In this case our worst enemy is our own self, and the only way to defeat the inner enemy is to keep growing, keep changing, keep expanding and shifting into the next stage.
It is impossible to get away from such a mandate, because you are the mandate. There is no chance of escape from the law of transformation. Change or leave, that is the law. And so you have to keep dying and being born again in life, if you want to avoid being murdered by your own inner God.
As I said, I had gone as far as I could go along the occidental highway. I came to the end of the road and a great chasm opened up before me. As I stood there, teetering on the precipice, not knowing how to go onward, the ego- my inner daemon- began nudging me from behind, and I was left with only two options- to fall into the space and be killed, or to die into and become the space.
I was pushed but I did not fall. Though neither did I fly. I dissolved. And in that dissolution I expanded beyond the chasm laid out before me.
Until such an inner expansion as this occurs, an individual is confined within the worldly paradigm of existence. There is no way out, and there is not supposed to be a way out. Life in this world is an alchemical vessel- an enclosed laboratory wherein newly created entities can be tried and tested- and it is only by confining the individual's drama within a limited paradigm that the greater forces can choreograph the necessary situations and events which manifest transformations within the soul. It is for this reason that life in the world feels often so wretchedly painful and claustrophobic- because it is.

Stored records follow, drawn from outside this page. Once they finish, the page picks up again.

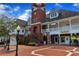 Charming mixed-use commercial building with classic architectural details and a welcoming brick courtyard at 2400 Cumberland Se Pkwy # 212, Atlanta, GA 30339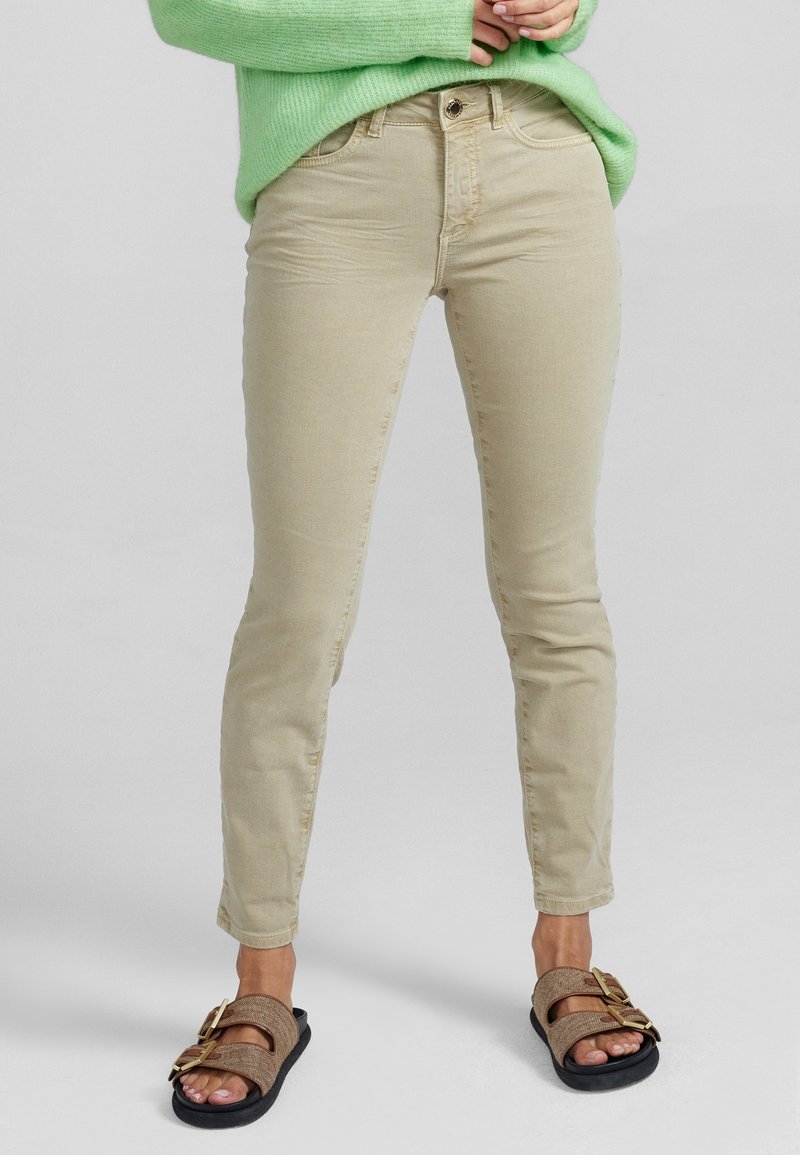 Personne porte un pantalon beige slim-fit, un pull vert et des sandales marron avec deux grandes boucles dorées, debout devant un fond gris uni.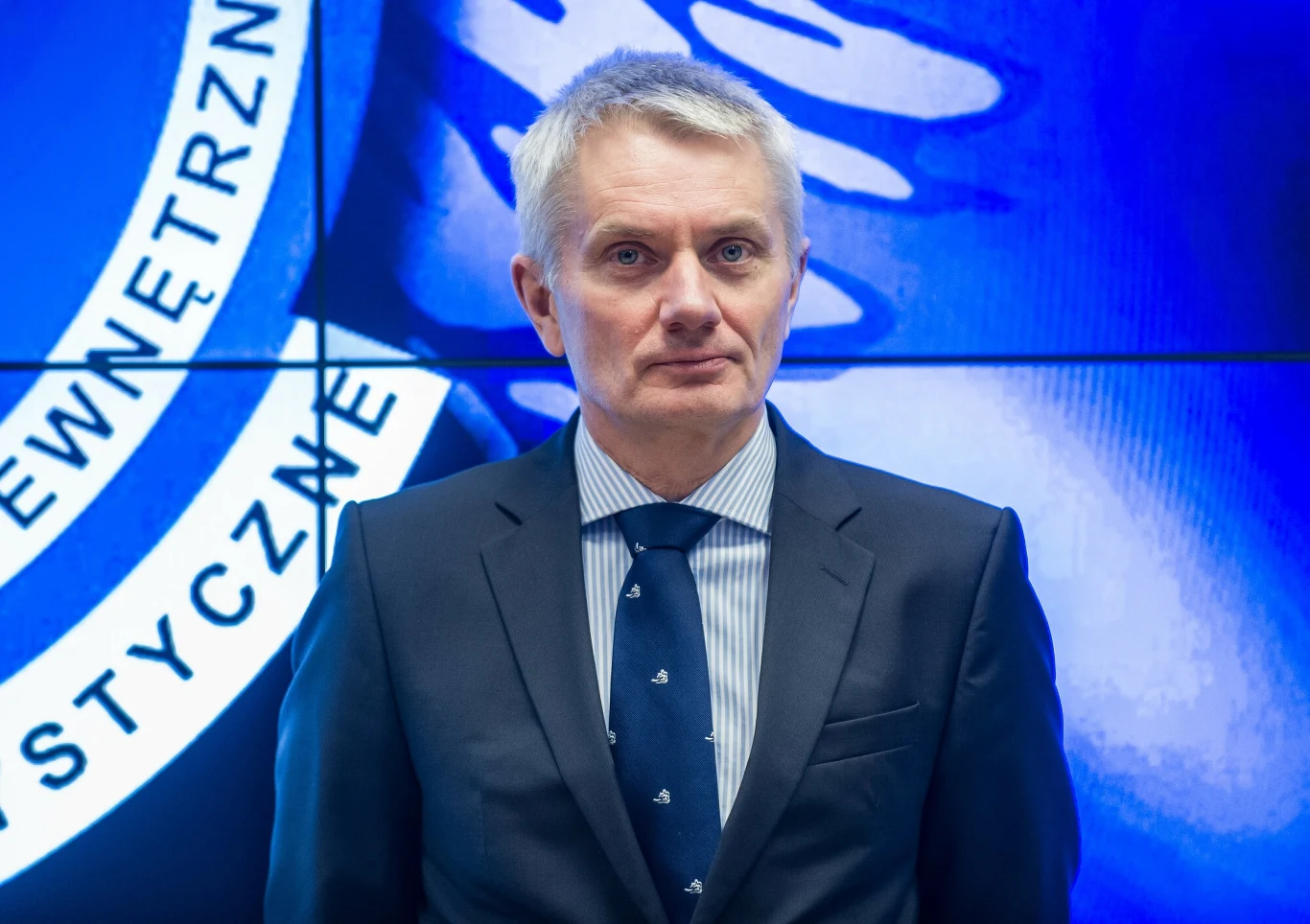 Maciej Hunia nowym ambasadorem RP w Izraelu Mężczyzna w garniturze i krawacie stoi na tle niebieskiego ekranu z fragmentem logo instytucji lub organizacji zawierającego biały napis wokół okręgu.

Without such limitation the soul would not evolve into the perfection of which it is capable; just as a fruit tree must be pruned so as to bear the most fruit possible, so too the individual must be spiritually 'cultivated' by the cosmic gardener, so as to bring to earth the greatest bounty possible. However, after having arrived at one's furthest paradigmatic actuality, the soul can no longer find room to grow within the worldly paradigm. That is when the inner dissolution, expansion, and liberation occur. That is when the walls of this realm which had in the past been confining the individual, now become diaphanous and permeable membranes through which the soul can depart and return, at will. The expanded soul can now deliver its new macrocosmic existence into the field of the microcosm. In the words of the Buddhists, the soul has gone from being a Hinayana, a lesser vehicle, to a Mahayana, a greater vehicle. The cosmos has accomplished its intent. The imprisoned soul has been liberated. And through this individual expansion the entire interconnected universe has grown.